Cricket ground in Brighton, England

The Prince of Wales Ground, also known as Prince's Ground, in Brighton, Sussex was the venue for cricket matches in the closing years of the 18th century.

==Location==
The ground was on a site now occupied by Park Crescent and its surroundings. The land was originally donated to the Brighton Cricket Club by the then Prince of Wales. His patronage helped Brighton to become a powerful club that sparked a revival in the fortunes of Sussex cricket which lasted well into the 19th century.

==Matches==
Four matches were played on the ground between September 1791 and September 1792.

==Aftermath==
As the towns of Brighton and Hove developed, the land was sold a few years later and the cricket club moved to a new site in Brighton at Temple Fields, which was where Montpelier Crescent is now.

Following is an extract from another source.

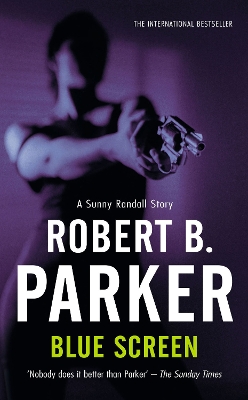 Blue Screen - Parker, Robert B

The Brighton club was representative of Sussex as a county and it ultimately became the main instrument in the formation of Sussex County Cricket Club in 1839. From July 1814 the club occupied the Royal New Ground (also known as Thomas Box's Ground), another Brighton venue, which was used for numerous important matches until September 1847, and was the county ground of Sussex in its early years. From 1848 to 1871, Sussex used the Royal Brunswick Ground in Brighton, also known as C H Gausden's Ground. Since 1872, the club has been based at the County Cricket Ground, Hove.